Tinder status update: still head-over-heels in love with the extraordinary female camaraderie it inspires, still not even marginally in love otherwise. Which is why, in a continuation of my trash-person campaign to treat real human beings like so many Polly Pocket dolls, I handed my phone over—along with an all-access pass to my matches and deck—to a cast of randomly selected characters. So what happened when I let these perfect strangers take my love life into their hands? A collection of short stories called Chaos: Three Vignettes About Curiosity and Not Caring.
The Married-with-Children VP
The scene: a press dinner. The cast: me, seated near a corporate vice president. As the only dude at a table of young, single women, he could do nothing but pray for deliverance as he was carried away by a conversation about Dating in New York City. Sensing an opportunity for a teachable moment, I offered up my Tinder to this blissfully unaware, happily married father of two.
His first match said "You're hot." He immediately hurled my phone back at me, the no-chill equivalent of signaling to Regis Philbin that you really want to use that "Ask the Audience."
With my phone back in my possession and the alert for a lifeline clearly sounded, I responded with the usual: "Thank you. I know."

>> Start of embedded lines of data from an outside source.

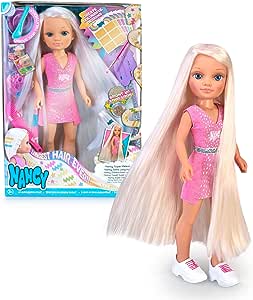 Nancy - super capelli, bambola dai capelli lunghissimi, con accessori per creare acconciature e fare meches, (NAC47000) __+1coupon__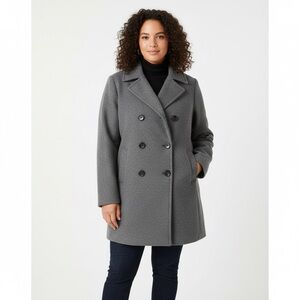 🌟St. John’s Bay Charcoal  wool mix double breasted peacoat women’s XL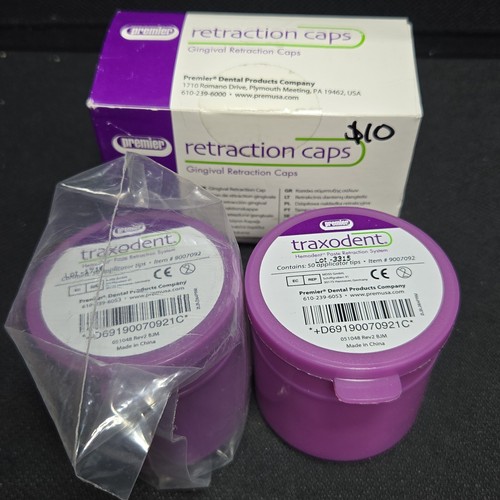 Premier Traxodent Paste Retraction System Applicator Tips Retraction Caps A27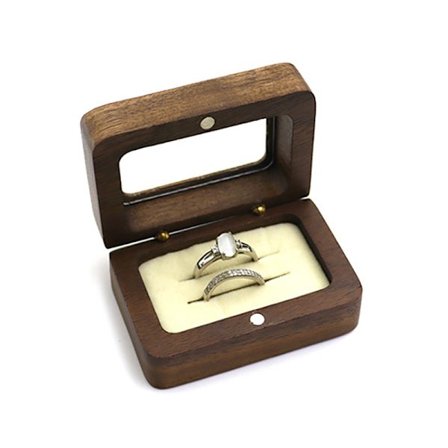 Smyckeskrin i trä Smyckeskrin Förvaringslåda Örhängen Ring Förvaring Black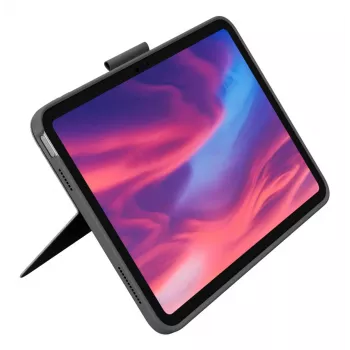 LOGITECH Combo Touch iPadille (10. sukupolvi) - Oxford harmaa - German Qwertz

Back to the VP. "Hot bitch." More panic. More flinging of mobile devices. Unmatch. Point made.
The Minor Celebrity
It was the middle of an embarrassingly truncated evening. I was 1.5 drinks and absolutely no food in on a bar crawl with an unnamed famous-ish person you might have to Google but would then go "Oooh, him." As the host of said bar crawl, Oooh Him was a bit more sober, so when he expressed an interest in taking over my friend's guest-Tindering duties, I agreed.

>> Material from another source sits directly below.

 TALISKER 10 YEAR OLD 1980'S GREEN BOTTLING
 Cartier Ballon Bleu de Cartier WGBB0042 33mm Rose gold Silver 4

Oooh Him, it turns out, has terrible taste in men—he matched me with far too many no-bio/selfie-only bros. But to his credit, he did have decent taste in opening lines. He and a friend tag-teamed the one on the left.

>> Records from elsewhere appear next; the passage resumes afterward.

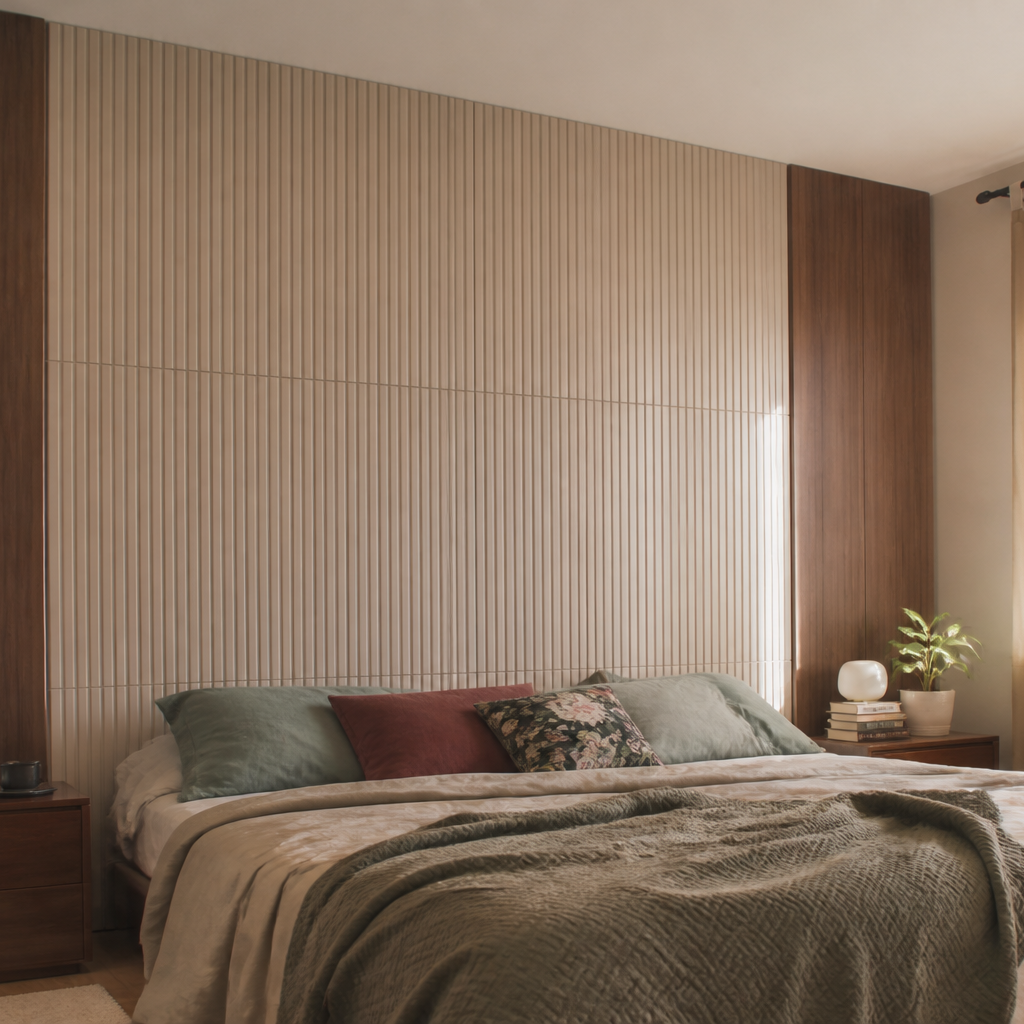 Parete effetto legno caldo Noce Atelier 1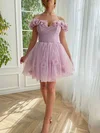 3D Floral Embroidered Off Shoulder Mini Dress #UKM020117514
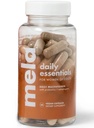 Mela Daily Essentials Multivitamin for Melanated Women - High-Dose Vitamin D3 and B12, Probiotics, Lion's Mane, Ceylon Cinnamon - Vegan, Gluten Free, Non-GMO, 30 Day Supply (60 cápsulas)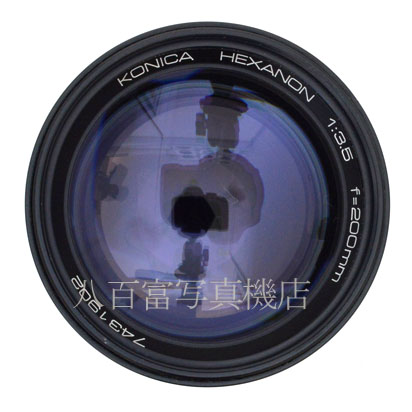 【中古】 コニカ HEXANON AR 200mm F3.5 EE ブラック KONICA/ヘキサノン 中古交換レンズ 47760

"This is my favorite thing to do...for my single friends, I mean," he said. Sure.
At a mutual friend's birthday party, she swiped lazily as we discussed the great topics of our generation: life, love, if I should get an IUD so I can wear white trousers whenever I want. Like most strangers I let do this, she was hesitant, showing me profiles for approval first.
Then she suddenly stopped. "I'm going to bless you." (Was it really that bad?) So she said some stuff about sending me happiness and light, and pressed her hands into my chest.
Later that night, I realized I'd lost my keys, which led me to wonder if she'd actually cursed me. But it couldn't have been. Because when I took a rare moment to un-quash my emotions and just be...weirdly, truly, I did feel happiness, light, and something kind of like love.
1) Most people will take guest-Tindering seriously. It's kind of sweet. 2) But at the same time, nobody knows you like you do, so they probably won't make you many matches you'll want to keep. 3) Everybody's nice when you first meet them. Unless you're a guy on Tinder.